Like most geckos, Paroedura tanjaka is an insectivorous species and primarily preys upon small arthropods, hunting them at night in the karstic forests. As it dwells in caves during the day where various invertebrates have been observed, it is believed to hunt by day in these caves as well. Both troglobitic invertebrates and nocturnal species resting to avoid predation or daytime heat (including the moth Cyligramma duplex) are present in the caves, and likely are part of the lizard's diet.

===Predation===
This lizard is known to fall prey to snakes, as one specimen (UMMZ 221997) was found inside the stomach of a Lycodryas gaimardi. The genus Lycodryas as a whole has been regarded as predators of Paroedura geckos, and birds and mammals may also represent predators of this species.

==Conservation==
Due to its narrow extent of occurrence and the decline of its severely fragmented habitat, Paroedura tanjaka is listed as Endangered on the IUCN Red List.
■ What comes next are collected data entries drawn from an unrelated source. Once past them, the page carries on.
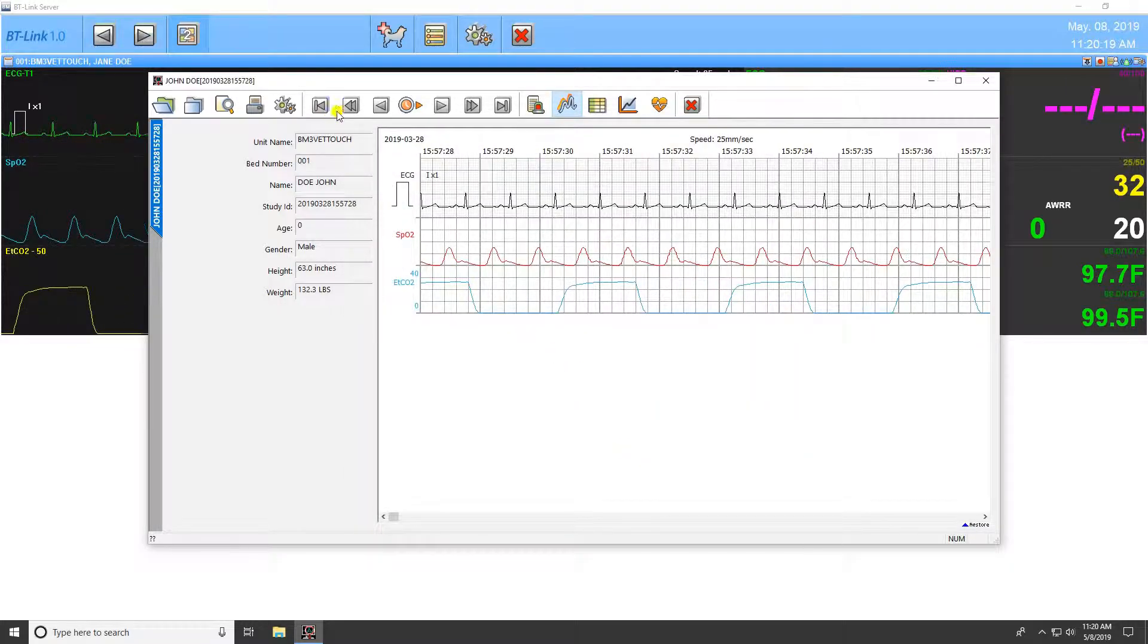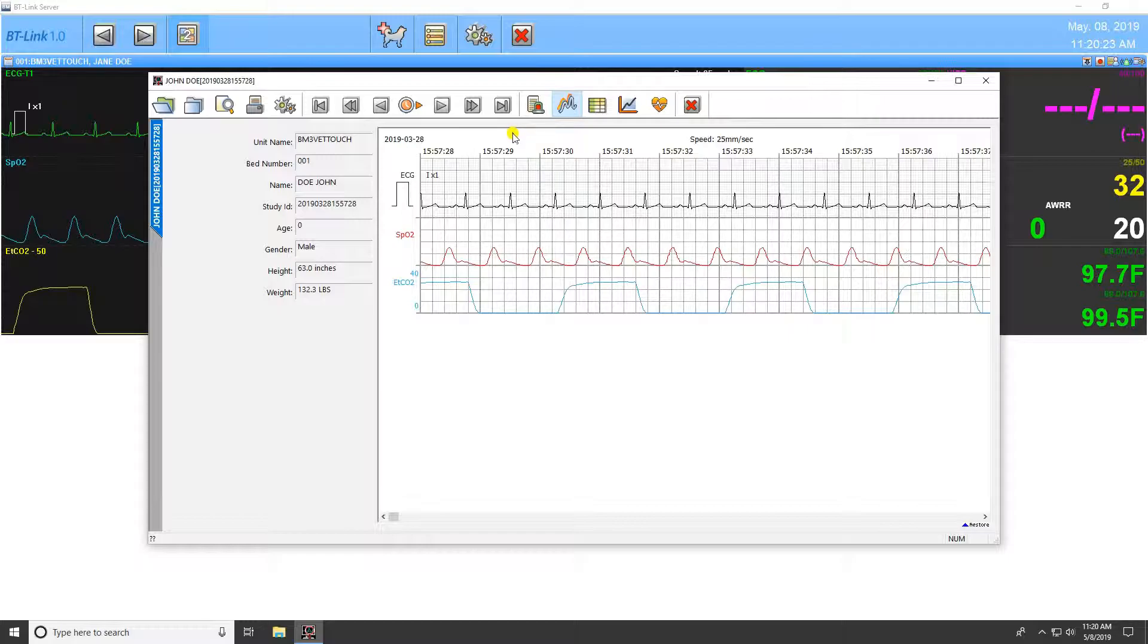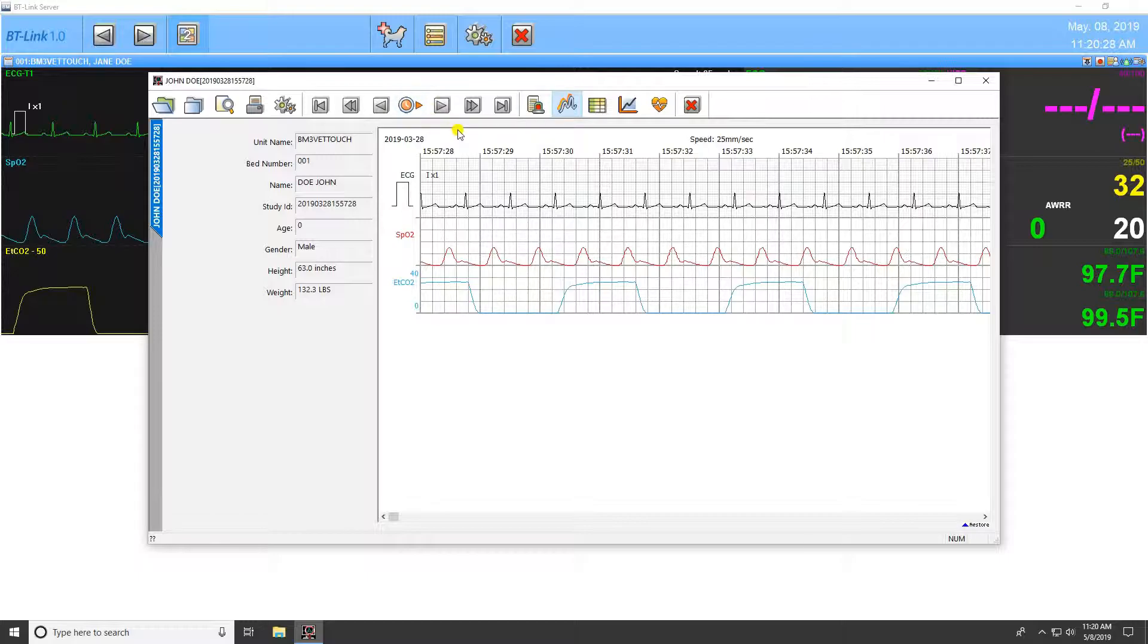The next seven icons allow you to adjust the position of the currently selected study. You can go to the beginning or end, page forward or back, and decide which specific point you would like to start from.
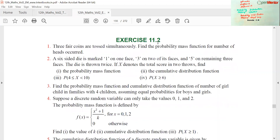A six-sided die is marked: one on one face, three on two of its faces, and five on the remaining three faces. The die is thrown twice. If X denotes the total score in two throws, find first the probability mass function.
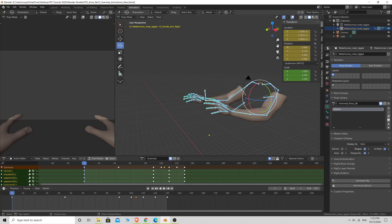What's up aspiring game developers, this is Little Byte Game Studio and this is going to be part 7 in our FPS 2020 tutorial series. So today we're going to be bringing a pistol into Blender and we're going to rig it and get it ready for animation.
Because of its restricted range, this lizard is disproportionately threatened by changes to its forest habitat. Though the species is reportedly abundant at Bemaraha, there is continuing decline of mature individuals, and its habitat is threatened by increased fire intensity and logging. Conservative measures are not in place for the species itself, but both its known localities (Bemaraha and Namoraka) are national parks and thus protected areas.